In diesem Blog wurde in den letzten zwei Jahren mehrfach das exotische Treiben am Institut für Transkulturelle Gesundheitswissenschaften (INTRAG) an der Viadrina in Frankfurt/Oder diskutiert. Auslöser war eine etwas eigenartige Masterarbeit, die von Prof. Walach unter anderem mit dem Argument verteidigt wurde, eine Masterarbeit sei eine Qualifizierungsarbeit und noch keine richtige wissenschaftliche Arbeit.
Jetzt darf man eine Dissertation aus Frankfurt zur Kenntnis nehmen, also ganz sicher eine richtige wissenschaftliche Arbeit, betreut von Prof. Schmidt und Prof. Walach: Manuela Pietza (2014) “Kontrollierte Studien zur Wirksamkeit der Quantenheilung”.
Als Anreiz zum Selberlesen hier ein paar Geschmacksproben:
Seite 14: „Obwohl der Quanten-Ansatz derzeitig bei Alternativmedizinern (König, 2012), Gesundheitsberatern (Model, 2012) und Seminaranbietern verstärkt in den Blickpunkt rückt, entspricht die Quantenheilung nicht der offiziellen schulmedizinischen Lehre.“
Seite 21: „Der Begriff Quantenheilung entlehnt sich aus dem Wort der Quantenphysik.“
Seite 22: “Im Rahmen dieser Dissertation bestand das Bestreben, auf die Spur dieser Erkenntnisse zu kommen, um einen eventuellen Bezug zur Wortschöpfung der Quantenheilung aufzudecken. Nachdem ich die fachspezifische physikalische Literatur gesichtet hatte, wurde aufgrund der wissenschaftlichen Komplexität von mir entschieden davon abzusehen.“
Seite 26: „In der Unermesslichkeit der quantenphysikalischen Erkenntnisse und der terminologischen Anlehnung der Quantenheilungsvertreter erscheint zum Abschluss dieses Kapitels folgende Textstelle aus dem Lied ‚All things change‘ passend (…)“
In diesem Stil geht es die ganze Zeit weiter. Es gibt auch einen medizinhistorischen Rückblick mit hohem Unterhaltungswert und eine Einbettung des Themas in die aktuelle Diskussion um Wartezeiten auf einen Therapieplatz. Quantenheilung als Option für die, die sonst keinen Therapieplatz bekommen?
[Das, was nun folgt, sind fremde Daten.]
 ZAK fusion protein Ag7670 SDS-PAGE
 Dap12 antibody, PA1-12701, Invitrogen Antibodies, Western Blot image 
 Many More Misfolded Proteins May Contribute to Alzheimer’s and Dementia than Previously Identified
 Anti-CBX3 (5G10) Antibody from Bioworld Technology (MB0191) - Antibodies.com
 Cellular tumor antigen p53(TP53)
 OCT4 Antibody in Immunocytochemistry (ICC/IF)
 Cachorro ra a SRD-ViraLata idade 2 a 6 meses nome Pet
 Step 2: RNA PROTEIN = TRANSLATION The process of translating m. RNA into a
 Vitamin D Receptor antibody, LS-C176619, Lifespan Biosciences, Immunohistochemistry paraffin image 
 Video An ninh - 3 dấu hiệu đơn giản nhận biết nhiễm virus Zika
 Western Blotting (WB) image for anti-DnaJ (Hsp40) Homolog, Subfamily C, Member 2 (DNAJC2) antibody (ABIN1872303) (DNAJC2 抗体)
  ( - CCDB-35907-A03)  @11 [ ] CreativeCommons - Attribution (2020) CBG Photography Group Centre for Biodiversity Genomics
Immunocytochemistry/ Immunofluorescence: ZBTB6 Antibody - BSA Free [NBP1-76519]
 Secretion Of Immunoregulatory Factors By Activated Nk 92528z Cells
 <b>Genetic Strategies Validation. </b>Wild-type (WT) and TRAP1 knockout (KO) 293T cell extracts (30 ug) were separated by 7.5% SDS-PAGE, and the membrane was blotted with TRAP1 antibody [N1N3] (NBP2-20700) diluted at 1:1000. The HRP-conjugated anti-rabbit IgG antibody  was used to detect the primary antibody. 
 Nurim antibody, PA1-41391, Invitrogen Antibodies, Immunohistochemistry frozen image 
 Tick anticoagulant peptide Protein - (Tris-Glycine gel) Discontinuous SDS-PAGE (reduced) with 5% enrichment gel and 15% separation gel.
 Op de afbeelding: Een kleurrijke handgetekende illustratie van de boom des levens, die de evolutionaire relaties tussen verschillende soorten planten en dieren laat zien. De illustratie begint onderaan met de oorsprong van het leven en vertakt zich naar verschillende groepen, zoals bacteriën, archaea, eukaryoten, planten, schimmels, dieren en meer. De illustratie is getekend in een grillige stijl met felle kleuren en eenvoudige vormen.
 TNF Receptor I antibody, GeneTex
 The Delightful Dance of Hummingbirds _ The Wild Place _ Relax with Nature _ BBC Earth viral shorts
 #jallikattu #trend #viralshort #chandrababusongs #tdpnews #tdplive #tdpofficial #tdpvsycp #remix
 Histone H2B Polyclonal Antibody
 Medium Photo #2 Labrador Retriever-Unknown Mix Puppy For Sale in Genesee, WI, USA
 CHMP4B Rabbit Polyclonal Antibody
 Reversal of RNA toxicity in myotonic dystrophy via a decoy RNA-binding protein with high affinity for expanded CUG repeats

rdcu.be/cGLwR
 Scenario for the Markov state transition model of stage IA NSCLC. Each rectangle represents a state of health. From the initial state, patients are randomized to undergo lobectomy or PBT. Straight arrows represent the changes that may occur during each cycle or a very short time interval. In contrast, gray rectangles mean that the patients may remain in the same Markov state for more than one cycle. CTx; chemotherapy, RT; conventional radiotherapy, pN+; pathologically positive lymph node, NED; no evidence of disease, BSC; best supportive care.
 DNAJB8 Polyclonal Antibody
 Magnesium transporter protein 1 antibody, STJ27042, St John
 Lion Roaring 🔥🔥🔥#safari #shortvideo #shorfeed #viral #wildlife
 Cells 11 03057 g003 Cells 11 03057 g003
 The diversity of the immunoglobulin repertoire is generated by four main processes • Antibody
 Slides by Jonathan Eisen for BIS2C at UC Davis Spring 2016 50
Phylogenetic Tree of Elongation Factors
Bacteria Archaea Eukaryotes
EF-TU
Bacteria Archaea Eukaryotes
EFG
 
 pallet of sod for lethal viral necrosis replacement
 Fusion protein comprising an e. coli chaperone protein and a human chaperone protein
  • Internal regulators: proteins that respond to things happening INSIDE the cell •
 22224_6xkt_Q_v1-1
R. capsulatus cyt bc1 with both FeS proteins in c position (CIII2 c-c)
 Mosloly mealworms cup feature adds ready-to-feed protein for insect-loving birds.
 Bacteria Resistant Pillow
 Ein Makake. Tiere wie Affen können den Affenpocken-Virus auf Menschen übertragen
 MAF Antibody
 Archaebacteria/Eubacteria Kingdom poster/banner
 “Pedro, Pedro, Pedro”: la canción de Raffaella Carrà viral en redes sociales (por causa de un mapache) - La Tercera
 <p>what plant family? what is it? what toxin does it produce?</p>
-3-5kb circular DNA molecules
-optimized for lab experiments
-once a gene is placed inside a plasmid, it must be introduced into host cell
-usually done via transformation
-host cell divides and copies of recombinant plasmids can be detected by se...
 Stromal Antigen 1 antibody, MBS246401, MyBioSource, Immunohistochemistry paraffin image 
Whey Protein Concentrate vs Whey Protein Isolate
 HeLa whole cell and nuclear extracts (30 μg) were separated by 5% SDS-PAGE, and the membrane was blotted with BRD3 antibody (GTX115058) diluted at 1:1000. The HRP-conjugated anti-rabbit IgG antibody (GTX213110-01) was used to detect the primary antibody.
Das könnte man für untergründigen Humor halten, aber ich fürchte, es ist ernst gemeint.
Der empirische Teil der Dissertation ist „eine prospektive, randomisierte, kontrollierte Interventionsstudie mit freiwilliger Teilnahme der Patienten“ (Seite 42). Verglichen wurde eine Interventionsgruppe mit einer Wartegruppe, dabei gab es eine Vorstudie und eine Hauptstudie, den Grund dafür habe ich nicht verstanden, auch nicht, warum es eine zusätzliche Interventionsgruppe ohne Kontrollgruppe gab, vielleicht einfach, weil sie da war. Die Behandlung war, falls ich das richtig verstanden habe, eine 20-minütige Sitzung mit Berührung und der Aufforderung, sich die Heilung bereits als erfolgt vorzustellen. Das erinnert an hypnotherapeutische Verfahren, so etwas kann in der Tat helfen. Herausgekommen ist, so die Autorin, dass die Behandlung erfolgreich sei, dazu gibt es allerhand Statistik, und eine Diskussion, in der für die Wirkung immerhin nicht die Quantenphysik, sondern Placeboeffekt, therapeutische Zuwendung und Ähnliches bemüht werden. Sogar unser Bloggerkollege Florian Aigner wird mit seiner Kritik an der Quantenschwurbelei in der Heilerszene zustimmend zitiert. Das muss man der Arbeit wohl zugute halten. Ob sonst noch etwas, mag jeder selbst beurteilen.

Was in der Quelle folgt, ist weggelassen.